_Instructions to follow_
Throughout the records below, find the lines with the string "bedroom" and give how many there are, nothing else.

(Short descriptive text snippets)

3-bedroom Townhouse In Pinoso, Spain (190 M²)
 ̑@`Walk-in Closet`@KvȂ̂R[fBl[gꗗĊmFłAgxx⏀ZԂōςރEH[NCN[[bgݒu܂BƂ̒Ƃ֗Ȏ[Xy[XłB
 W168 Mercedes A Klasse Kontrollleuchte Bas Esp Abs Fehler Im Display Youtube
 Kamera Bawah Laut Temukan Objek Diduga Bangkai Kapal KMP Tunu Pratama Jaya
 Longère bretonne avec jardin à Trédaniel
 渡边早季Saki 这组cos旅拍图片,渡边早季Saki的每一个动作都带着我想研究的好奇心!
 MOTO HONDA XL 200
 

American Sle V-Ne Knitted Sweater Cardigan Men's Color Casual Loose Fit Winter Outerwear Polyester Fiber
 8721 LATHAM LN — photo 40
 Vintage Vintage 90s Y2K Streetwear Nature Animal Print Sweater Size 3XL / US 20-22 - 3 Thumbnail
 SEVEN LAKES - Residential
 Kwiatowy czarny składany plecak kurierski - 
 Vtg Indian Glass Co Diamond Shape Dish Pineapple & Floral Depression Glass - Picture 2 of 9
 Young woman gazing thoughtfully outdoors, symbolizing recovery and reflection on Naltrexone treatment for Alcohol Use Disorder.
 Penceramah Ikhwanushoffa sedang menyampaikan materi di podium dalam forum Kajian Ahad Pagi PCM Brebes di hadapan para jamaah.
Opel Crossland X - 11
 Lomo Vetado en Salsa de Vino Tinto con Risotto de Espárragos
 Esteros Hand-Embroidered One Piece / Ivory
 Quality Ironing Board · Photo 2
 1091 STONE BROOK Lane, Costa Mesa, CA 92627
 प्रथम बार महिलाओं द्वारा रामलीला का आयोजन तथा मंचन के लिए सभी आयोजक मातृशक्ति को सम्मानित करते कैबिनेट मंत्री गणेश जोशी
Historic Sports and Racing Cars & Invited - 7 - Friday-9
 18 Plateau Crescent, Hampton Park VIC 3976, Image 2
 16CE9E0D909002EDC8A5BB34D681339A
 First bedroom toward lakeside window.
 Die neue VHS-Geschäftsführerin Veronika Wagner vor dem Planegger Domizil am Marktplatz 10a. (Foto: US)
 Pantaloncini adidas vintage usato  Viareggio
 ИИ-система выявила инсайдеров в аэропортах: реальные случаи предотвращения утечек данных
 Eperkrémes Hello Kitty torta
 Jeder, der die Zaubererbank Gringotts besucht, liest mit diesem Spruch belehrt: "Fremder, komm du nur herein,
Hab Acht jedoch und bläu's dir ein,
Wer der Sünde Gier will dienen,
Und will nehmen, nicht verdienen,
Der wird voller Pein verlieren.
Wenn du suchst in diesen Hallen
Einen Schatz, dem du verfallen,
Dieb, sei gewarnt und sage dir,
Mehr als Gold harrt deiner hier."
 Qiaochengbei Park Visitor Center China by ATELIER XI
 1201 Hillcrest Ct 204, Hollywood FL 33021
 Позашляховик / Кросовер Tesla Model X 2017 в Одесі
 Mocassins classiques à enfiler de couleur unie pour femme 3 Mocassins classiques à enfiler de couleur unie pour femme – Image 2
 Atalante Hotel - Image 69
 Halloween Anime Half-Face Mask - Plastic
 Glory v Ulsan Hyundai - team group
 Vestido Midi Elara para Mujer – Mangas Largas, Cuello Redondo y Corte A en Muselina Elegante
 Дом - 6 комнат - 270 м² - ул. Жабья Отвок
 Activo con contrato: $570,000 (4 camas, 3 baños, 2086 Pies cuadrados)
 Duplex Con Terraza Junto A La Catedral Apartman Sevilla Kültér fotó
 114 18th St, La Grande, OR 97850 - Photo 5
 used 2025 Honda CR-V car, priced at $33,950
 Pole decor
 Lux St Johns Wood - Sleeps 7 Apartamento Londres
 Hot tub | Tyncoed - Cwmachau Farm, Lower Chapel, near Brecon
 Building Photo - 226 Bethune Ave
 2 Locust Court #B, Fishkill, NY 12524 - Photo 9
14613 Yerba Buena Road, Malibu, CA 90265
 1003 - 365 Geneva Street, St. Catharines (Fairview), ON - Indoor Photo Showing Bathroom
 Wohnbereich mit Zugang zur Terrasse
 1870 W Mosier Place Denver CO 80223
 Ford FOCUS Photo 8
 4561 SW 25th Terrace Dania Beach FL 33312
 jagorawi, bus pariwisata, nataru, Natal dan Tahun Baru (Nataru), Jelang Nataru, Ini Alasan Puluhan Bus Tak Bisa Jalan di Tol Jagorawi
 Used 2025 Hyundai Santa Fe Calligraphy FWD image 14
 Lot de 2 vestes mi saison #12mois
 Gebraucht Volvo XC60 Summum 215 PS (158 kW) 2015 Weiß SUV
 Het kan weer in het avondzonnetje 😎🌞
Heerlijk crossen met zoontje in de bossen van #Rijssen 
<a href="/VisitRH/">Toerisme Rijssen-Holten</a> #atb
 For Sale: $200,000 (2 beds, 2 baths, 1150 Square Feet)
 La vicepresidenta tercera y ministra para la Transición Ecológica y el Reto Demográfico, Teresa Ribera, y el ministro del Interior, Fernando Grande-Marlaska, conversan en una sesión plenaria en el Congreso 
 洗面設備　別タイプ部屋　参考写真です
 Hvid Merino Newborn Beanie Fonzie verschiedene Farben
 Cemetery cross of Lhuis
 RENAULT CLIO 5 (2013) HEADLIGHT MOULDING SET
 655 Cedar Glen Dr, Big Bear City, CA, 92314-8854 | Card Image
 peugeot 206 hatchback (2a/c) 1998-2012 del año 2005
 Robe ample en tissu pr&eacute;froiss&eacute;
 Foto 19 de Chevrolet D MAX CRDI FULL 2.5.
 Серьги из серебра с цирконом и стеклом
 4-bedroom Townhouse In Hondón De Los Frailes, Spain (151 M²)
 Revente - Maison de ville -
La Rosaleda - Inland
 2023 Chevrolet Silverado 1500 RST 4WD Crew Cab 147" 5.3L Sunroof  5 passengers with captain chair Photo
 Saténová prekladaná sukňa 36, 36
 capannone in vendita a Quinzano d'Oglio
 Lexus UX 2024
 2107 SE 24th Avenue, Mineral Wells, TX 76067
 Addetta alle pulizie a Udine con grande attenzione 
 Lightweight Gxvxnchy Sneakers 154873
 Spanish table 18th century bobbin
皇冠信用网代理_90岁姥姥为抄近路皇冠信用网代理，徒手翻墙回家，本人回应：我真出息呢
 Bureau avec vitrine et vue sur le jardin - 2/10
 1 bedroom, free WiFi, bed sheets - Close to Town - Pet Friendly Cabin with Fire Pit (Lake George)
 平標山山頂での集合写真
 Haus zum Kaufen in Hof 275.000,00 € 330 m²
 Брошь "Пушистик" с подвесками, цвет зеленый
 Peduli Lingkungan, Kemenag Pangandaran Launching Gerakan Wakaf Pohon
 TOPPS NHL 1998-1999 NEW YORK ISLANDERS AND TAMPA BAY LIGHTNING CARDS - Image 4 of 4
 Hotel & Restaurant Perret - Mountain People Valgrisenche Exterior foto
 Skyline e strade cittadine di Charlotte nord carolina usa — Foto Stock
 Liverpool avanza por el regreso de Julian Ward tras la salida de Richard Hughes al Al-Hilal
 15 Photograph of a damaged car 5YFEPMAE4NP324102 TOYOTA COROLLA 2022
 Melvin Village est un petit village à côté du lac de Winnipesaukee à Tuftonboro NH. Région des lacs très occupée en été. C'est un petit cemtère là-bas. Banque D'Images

_Your response_
4